For The Guardian: Homeless in America

I am helping The Guardian with a large project on homelessness in the west funded by the Bill and Melinda Gates Foundation. Below is the beginning of one of the first stories in the project. (Photographer Ash Adams and I contributed from Alaska.) I’m looking for more story ideas, especially ones that involve innovation and solutions, about homelessness in Alaska.

How America counts its homeless – and why so many are overlooked

They dressed in several layers of clothing or donned old hats. They carried blankets and cardboard boxes. It was approaching midnight in New York one night in March 2005, and recruits who had been paid $100 each to pretend to be homeless were fanning out across the city.

There were 58 sites dotted throughout the metropolis. Pseudo-homeless people arrived at subway stations in Manhattan, back alleys in Staten Island and Queens, the front steps of a church in the Bronx.

 Then they waited to see if anyone noticed them.

The actors were taking part in a peculiar experiment led by Kim Hopper, a researcher then at the Nathan Kline Institute for Psychiatric Research. The purpose: to analyze the effectiveness of the city’s count of homeless people.

Hopper and his colleagues found that actors at almost one in three of the sites reported being missed by counters. And these were people who wanted to be counted. They did not include the swaths of genuinely homeless ensconced in corners of the city. “Invisibility serves the purpose of security and uninterrupted sleep,” the researchers noted.

Just over a decade later, questions remain about the reliability of America’s biennial street count of homeless people, an extraordinary undertaking in which thousands of volunteers head out into the darkness in cities, forests and deserts around the country.

It still takes place mostly at night, relying on volunteers who are often equipped with nothing more sophisticated than clipboards, pencils and flashlights.

But supporters of the count, which is run by local communities in return for federal dollars and may be the largest tally of homeless people in the world, argue that it is a crucial mechanism to keep track of people who often exist outside of government bureaucracy.

Even if the figures are open to question, they provide a window into the landscape of America’s homelessness problem – and a sense of how it is changing over time.

“The bottom line is that it’s imperfect, but I don’t know that we could do a better job,” said Dennis Culhane, a University of Pennsylvania researcher and a principal investigator on the homelessness reports that are presented to Congress annually.

The most recent report found that on one night there were 549,928 homeless people in America.

Read the rest of the story, including scenes from Alaska’s most recent homeless count, here.

ANCHORAGE, ALASKA – JANUARY 25, 2017: A group consisting of senior airmen volunteering from the Joint Base Elmendorf-Richardson millitary facility and group leader Monica Stoesser, a local social services provider, participate in the homeless count in Anchorage.

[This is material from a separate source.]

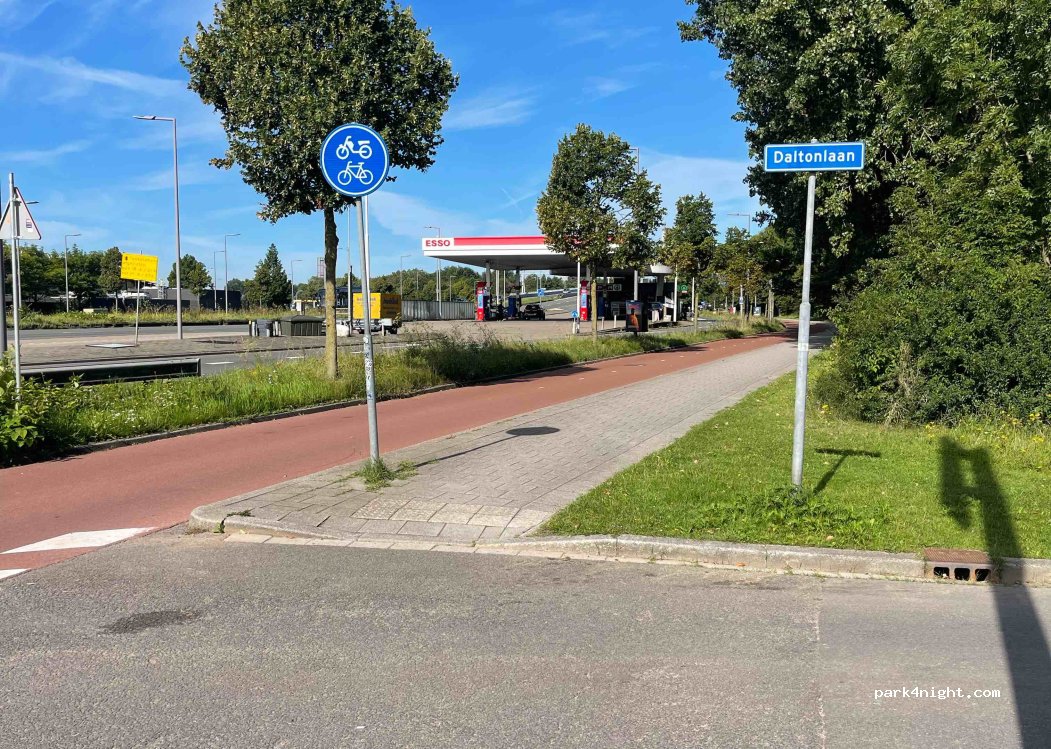 (3041) Rotterdam - Daltonlaan — foto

Approximately 160 volunteers, most from the Joint Base Elmendorf-Richardson millitary facility, gathered at St. Mary’s Episcopal Church in the wee hours of the morning to participate in the count. Volunteers were placed into groups with assigned parts of the city and a group leader./ASH ADAMS

2 thoughts on “For The Guardian: Homeless in America

  • Check out the Facing Homelessness Facebook page. Rex Hohlbein’s initial idea is to “Just Say Hello”. Homeless people are treated as invisible by almost everyone.

    Facing Homelessness started in Seattle, but has spread across the nation and even to some other countries. There is also a woman (don’t recall her name, but Rex knows her) who sold her house, bought a van and travelled around the US with her young daughter spreading the message of “Just Say Hello”.

    There is. TedX talk of Rex. Search for it on YouTube. I know him personally and he is really a wonderful human being.

  • Interesting; it dovetails with what I’ve seen here in Boulder, CO with the Point-in-Time Survey each January — something which I have chosen to boycott because its underlying purpose is fundraising for our worthless nonprofits, which cater to transients and sex offenders from all across the country, leaving many of Boulder County’s own homeless with the short end of the stick.